If firm fine-grained interactions exist between components from different modalities describing a common phenomenon, then these interactions are essential to consider in the corresponding decision-making model. For example, considering the interactions between stock data, news articles, and discussion boards can boost the performance of a model for predicting stock movements [27]. Concatenation-based approaches, which depend only on the globally encoded information from every modality, neglect such important fine-grained information [57]. This problem becomes severe in the case of complex modality information. To find the direct relations and correspondences between components from multiple modalities and allow this component-level information to be utilized, an attention-based gate mechanism is proposed to enable a classifier to extract the components from one modality that are most relevant to components from another modality. Attention [2] can be described as a mechanism for mapping a value to an output in accordance with weights based on the correspondence between a query and a key. An attention-based gate mechanism can assign higher weights to related components from different feature modalities.

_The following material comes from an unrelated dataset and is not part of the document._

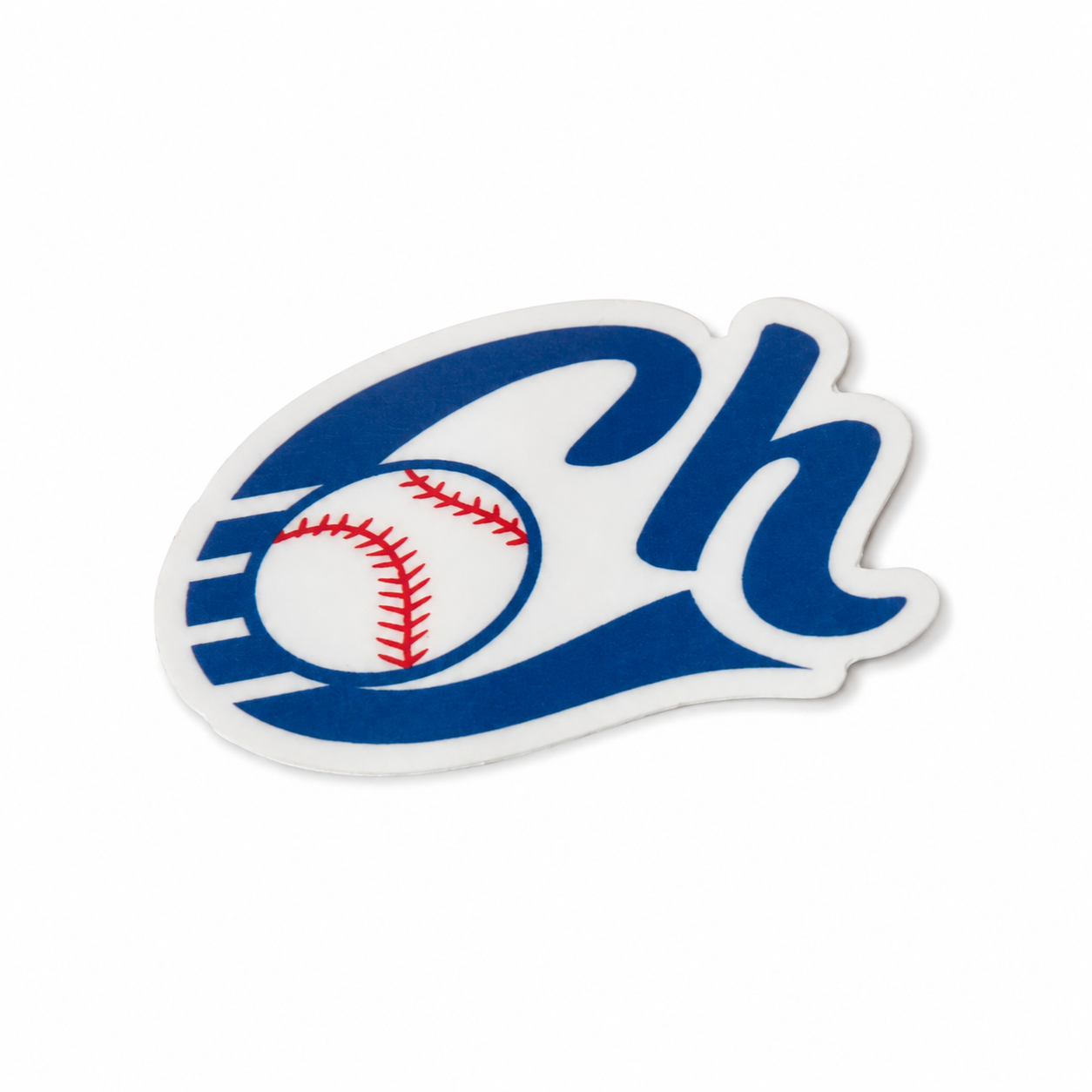 Sticker Oficial - Charros LMB BANORTE 2026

For simplicity, we consider modalities x_i and x_j as an example. As shown in Fig. 7, in the proposed attention-based gate mechanism, the set of compressed representations from the modality x_i autoencoder is denoted by $\boldsymbol {H}_{i}=[\boldsymbol {h}_{i1},\boldsymbol {h}_{i2},\cdots ,\boldsymbol {h}_{im}]\in {\mathbb {R}^{d_{i}\times {m}}}$, whereas the set of compressed representations from the modality x_j autoencoder is denoted by $\boldsymbol {H}_{j}=[\boldsymbol {h}_{j1},\boldsymbol {h}_{j2},\cdots ,\boldsymbol {h}_{jm}]\in {\mathbb {R}^{d_{j}\times {m}}}$. Here, d_i and d_j represent the hidden layer sizes.

$$ \begin{array}{ll} &\boldsymbol{q}=\boldsymbol{H}_{i}\boldsymbol{w}_{q}\in{\mathbb{R}^{d_{i}}},\\ &\boldsymbol{k}=\boldsymbol{H}_{j}\boldsymbol{w}_{k}\in{\mathbb{R}^{d_{j}}},\\ &\boldsymbol{v}=\boldsymbol{H}_{j}\boldsymbol{w}_{v}\in{\mathbb{R}^{d_{j}}}, \end{array} $$

(8)

where w_q, w_k, and w_v $\in {\mathbb {R}^{m}}$ are learnable parameters. q, k, and v are referred to as the query vector, the key vector, and the value vector, respectively.

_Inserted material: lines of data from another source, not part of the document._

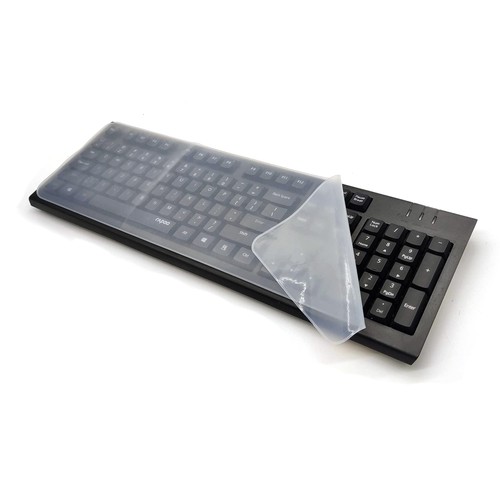 Tastaturschutz universal - tastaturschutz,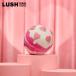 LUSH сладкий Heart bom автобус bom средство для ванн Valentine 2026 ограничение органический увлажнитель природа .. маленький pra cosme Rush официальный 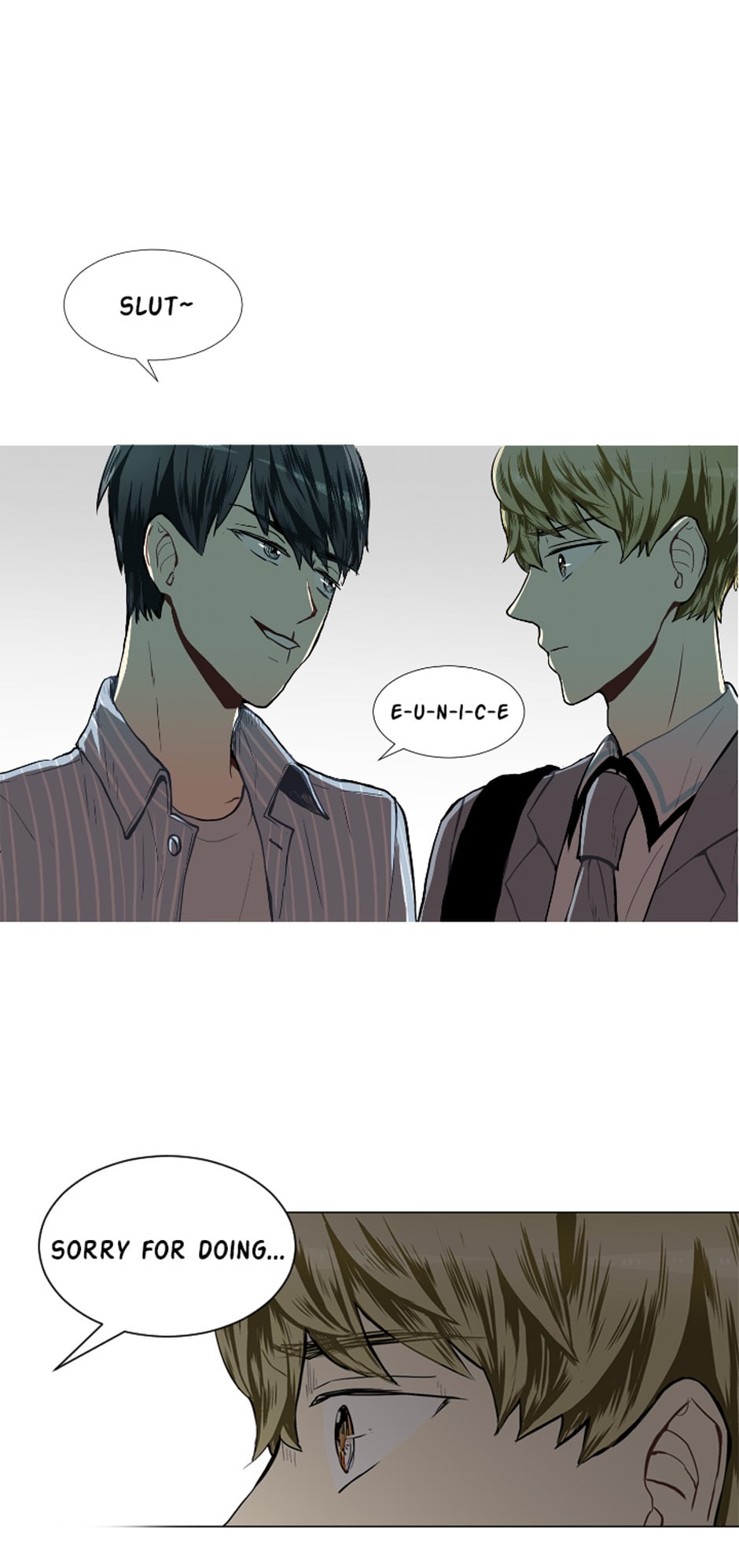 Love & Wish Chapter 29 - page 49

$$ \boldsymbol{W}_{att}=softmax\left( \frac{\boldsymbol{q}\boldsymbol{k}^{T}}{\sqrt{d_{2}}}\right)\in{\mathbb{R}^{d_{i} \times{d_{j}}}}, $$

(9)

where W_att is a scaled attention weight matrix. The (s,t)-th value in the attention matrix W_att measures the relationship between the s-th value from modality x_i and the t-th value from modality x_j. The value range of the elements in every row of this matrix is between 0 and 1, and the sum of all elements in the same row is equal to 1; these elements represent the weights assigned to every column of the value matrix. The vector $\boldsymbol {v}^{T}\in \mathbb {R}^{d_{j}}$ is expanded to the matrix $\boldsymbol {V}_{rep}\in \mathbb {R}^{d_{i}\times {d_{j}}}$. W_att ∘V_rep, which denotes the element-wise product between W_att and V_rep, represents the operation of filtering V_rep by W_att. In this operation, every element in the same column of V_rep is fine-tuned by means of the corresponding weight in W_att. If the s-th value of x_i is strongly related to the t-th value of x_j, the latter will be amplified by the corresponding weight in W_att. Otherwise, the t-th value of x_j will be reduced.

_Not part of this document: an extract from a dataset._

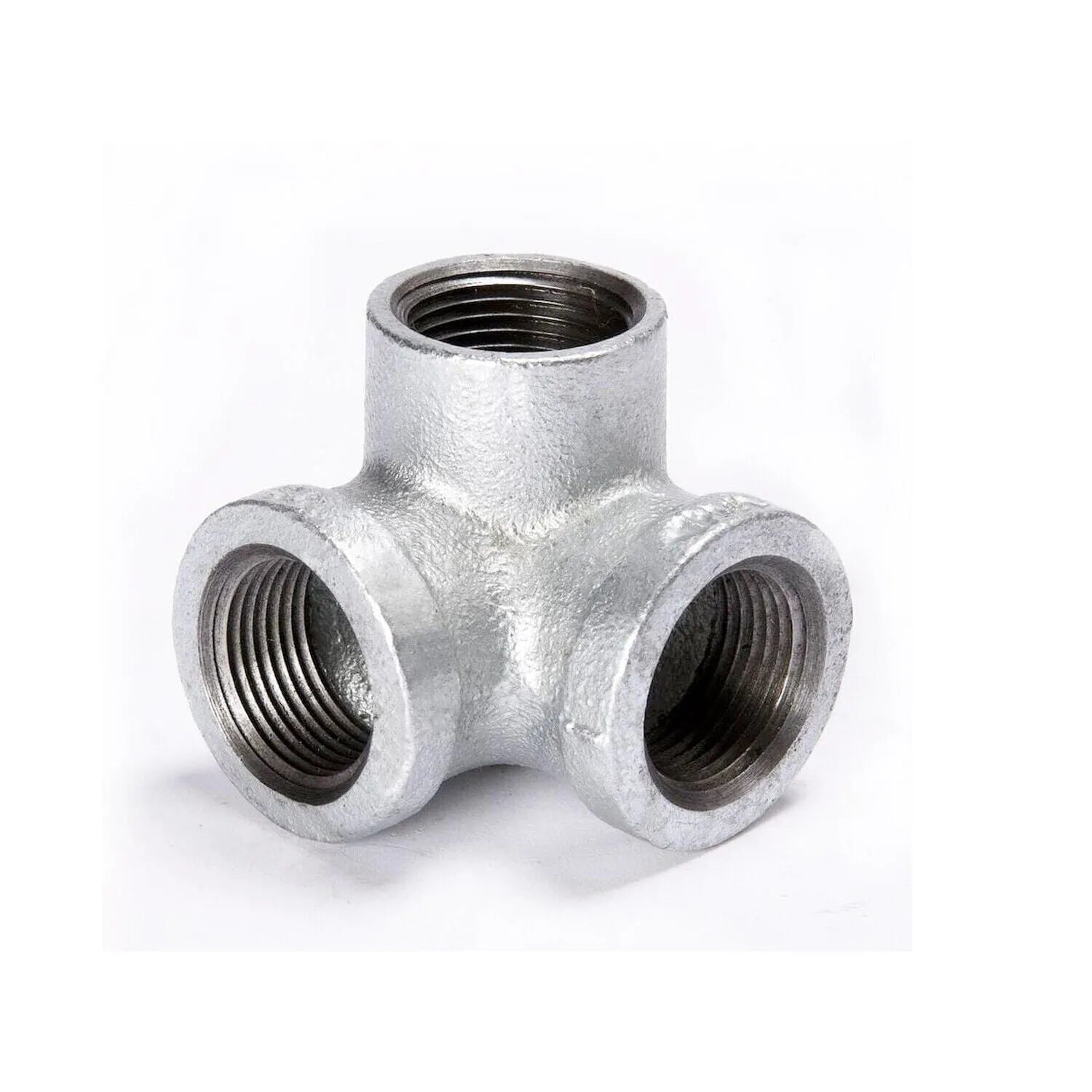 Pipe Fittings & Accessories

$$ \begin{array}{ll} &\boldsymbol{V}_{rep}=repeat(\boldsymbol{v}^{T})\in\mathbb{R}^{d_{i}\times{d_{j}}},\\ &\boldsymbol{\widetilde{V}}=\boldsymbol{W}_{att}\circ{\boldsymbol{V}_{rep}}\in\mathbb{R}^{d_{i}\times{d_{j}}}, \\ &\boldsymbol{h}_{s}=\sum\limits_{k=1}^{d_{2}}{\boldsymbol{\widetilde{V}}_{sk}\in\mathbb{R}^{d_{i}}}. \end{array} $$

(10)

Here, h_s represents the weighted sum of the elements along each column of x_j. Through an FNN, the latent vector h_s is transformed into the outputs $\hat {\boldsymbol {x}}_{i}$.

$$ \begin{array}{ll} &LT_{l} = \mathbb{E}(\boldsymbol{x}_{i}-\hat{\boldsymbol{x}}_{i})^{2},\\ &LT = \sum\limits_{l=1}^{n(n-1)/2}LT_{l}. \end{array} $$

(11)

Equation (11) is the transformation loss function defined for the l-th gate and interaction block. Minimizing this loss function is equivalent to making the outputs $\hat {\boldsymbol {x}}_{i}$ generated from modality x_j approximate modality x_i. The significant benefit of this procedure is that the weights used in the attention-based gate mechanism can be sufficiently trained based on the gradient of such a loss function. After this pre-training process, the internal alignment between the components from modality x_i and the corresponding components from modality x_j can be found.

Interaction Mechanism

The heterogeneity in the statistical properties of multimodal data makes it more challenging to learn a joint representation using information from multiple sources [3, 24]. For example, images (which are real-valued and dense) and texts (which are discrete and sparse) typically have different dimensions and structures [52]. In previous studies, a typical strategy has been to separately map each modality to a common latent space [36, 39, 49], for example, using a Gaussian probability distribution [52, 56]. However, in practice, samples often appear to come from a distribution that is skewed, very peaked, or very flat or shows some other discrepancy relative to a Gaussian distribution [47].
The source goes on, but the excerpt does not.